_What to work on_
Reproduce all of the data exactly. Images are not to appear in the reply.
Available data below:
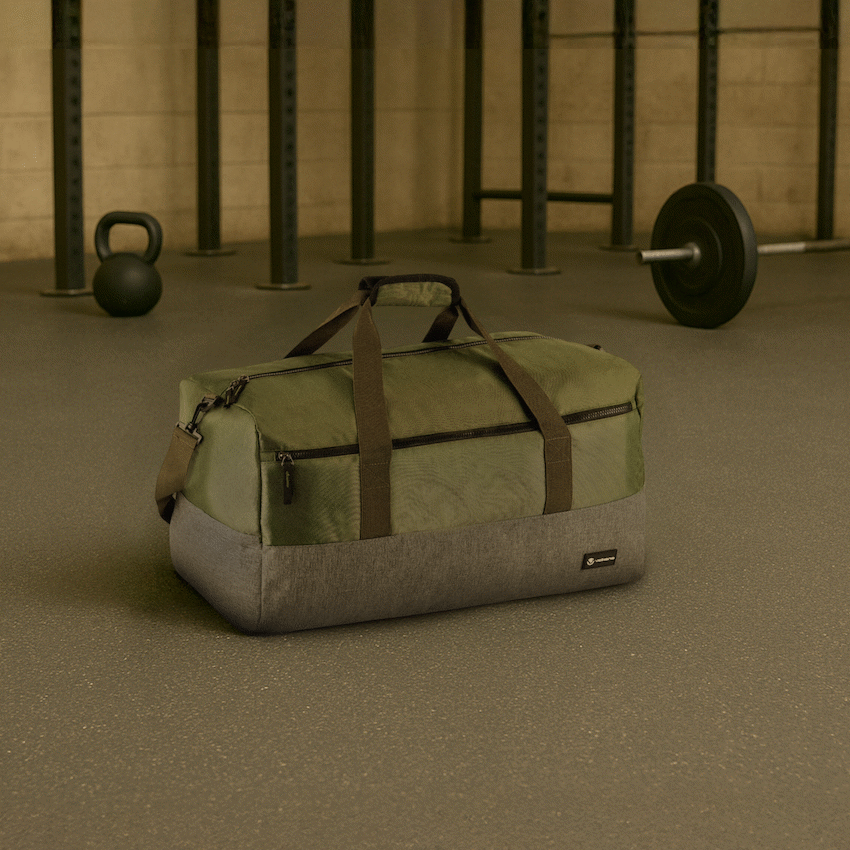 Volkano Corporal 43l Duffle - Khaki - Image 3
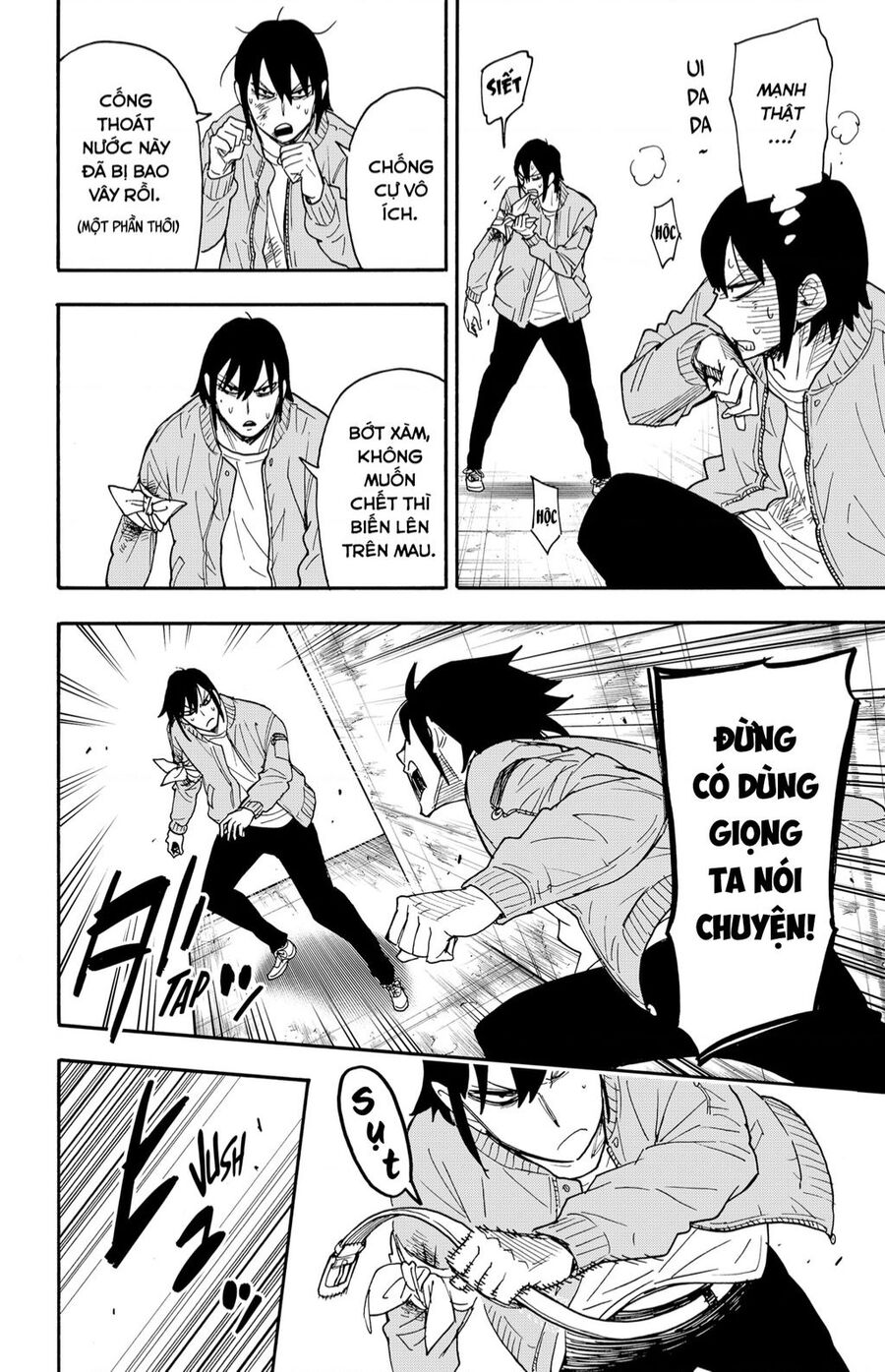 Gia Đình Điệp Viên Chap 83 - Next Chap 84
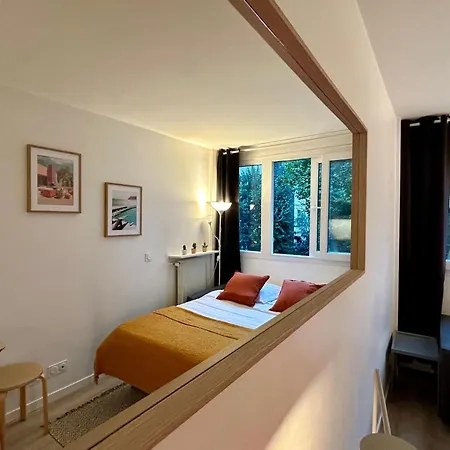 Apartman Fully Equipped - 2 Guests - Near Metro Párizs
End of Available data.
_Solution for this exercise_
 Volkano Corporal 43l Duffle - Khaki - Image 3
 Gia Đình Điệp Viên Chap 83 - Next Chap 84
 Apartman Fully Equipped - 2 Guests - Near Metro Párizs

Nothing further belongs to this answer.